I am getting a parse error when I run my script

Parse error: syntax error, unexpected '' (T_ENCAPSED_AND_WHITESPACE), expecting identifier (T_STRING) or variable (T_VARIABLE) or number (T_NUM_STRING) in C:\Program Files (x86).................\get.php on line 24

I cant see whats wrong, can someone help me with it?

<?php
$servername = "localhost";
$username = "root";
$password = "";
$dbname = "database;

// Create connection
$conn = new mysqli($servername, $username, $password, $dbname) ;
// Check connection
if ($conn->connect_error) 
    {
    die('Connection failed: ' . $conn->connect_error) ;
    } 
else 
    {
    $product1 = filter_input(INPUT_POST, 'id', FILTER_SANITIZE_NUMBER_INT) ;

    $query = 'SELECT price FROM forms WHERE name=' . $product1 . ' ' ;

    $res = mysql_query($query) ;
    if (mysql_num_rows($res) > 0) 
    {
    $result = mysql_fecth_assoc($res) ;
        echo json_encode($result['price']);
    }
    else
        {
        echo json_encode('no results') ;
        }

    }
?>

Answer 1

There are quite a few errors in your code, besides the missing quote in $dbname = "database;.

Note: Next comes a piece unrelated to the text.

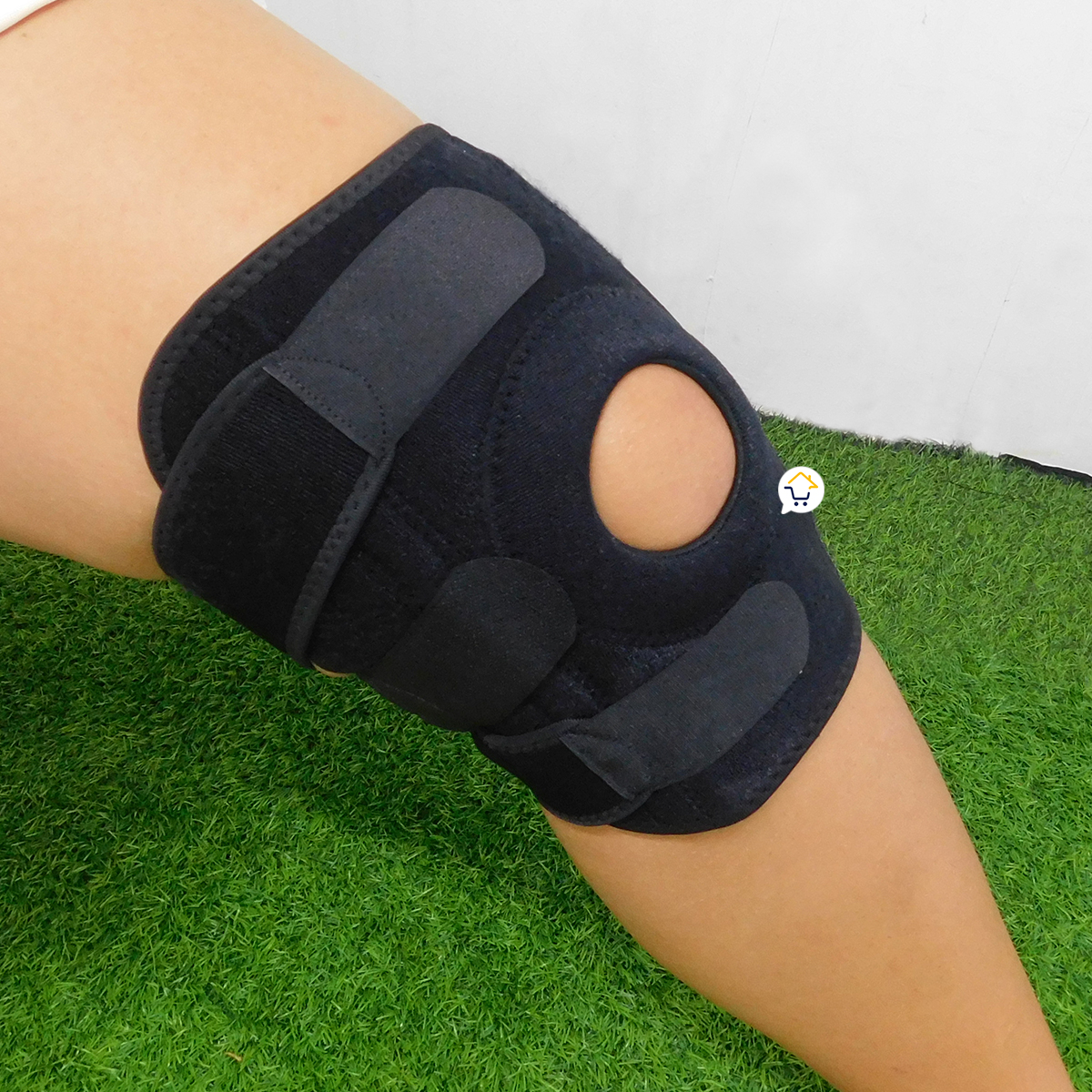 Miniatura 3 de Rodillera Deportiva Soporte 733B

You're mixing MySQL APIs here. mysql_ does NOT intermix with the mysqli_ API.

• Can I mix MySQL APIs in PHP?
• http://php.net/manual/en/mysqlinfo.api.choosing.php

So, you need to change all instances of mysql_ to mysqli_ and pass the connection parameter in the query.

• http://php.net/manual/en/mysqli.query.php

Then, mysql_fecth_assoc was mispelled and corrected with the added i.

$servername = "localhost";
$username = "root";
$password = "";
$dbname = "database";

// Create connection
$conn = new mysqli($servername, $username, $password, $dbname) ;
// Check connection
if ($conn->connect_error) 
    {
    die('Connection failed: ' . $conn->connect_error) ;
    } 
else 
    {
    $product1 = filter_input(INPUT_POST, 'id', FILTER_SANITIZE_NUMBER_INT) ;

    $query = 'SELECT price FROM forms WHERE name=' . $product1 . ' ' ;

    $res = mysqli_query($conn, $query) ;
    if (mysqli_num_rows($res) > 0) 
    {
    $result = mysqli_fetch_assoc($res) ;
        echo json_encode($result['price']);
    }
    else
        {
        echo json_encode('no results') ;
        }

    }

Check for errors also:

• http://php.net/manual/en/mysqli.error.php
• http://php.net/manual/en/function.error-reporting.php

Answer 2

Change

$dbname = "database;

To

$dbname = "database";

Answer 3

You're missing a " in this line:

$dbname = "database;

It should be:

$dbname = "database";

Hope this helps, thanks!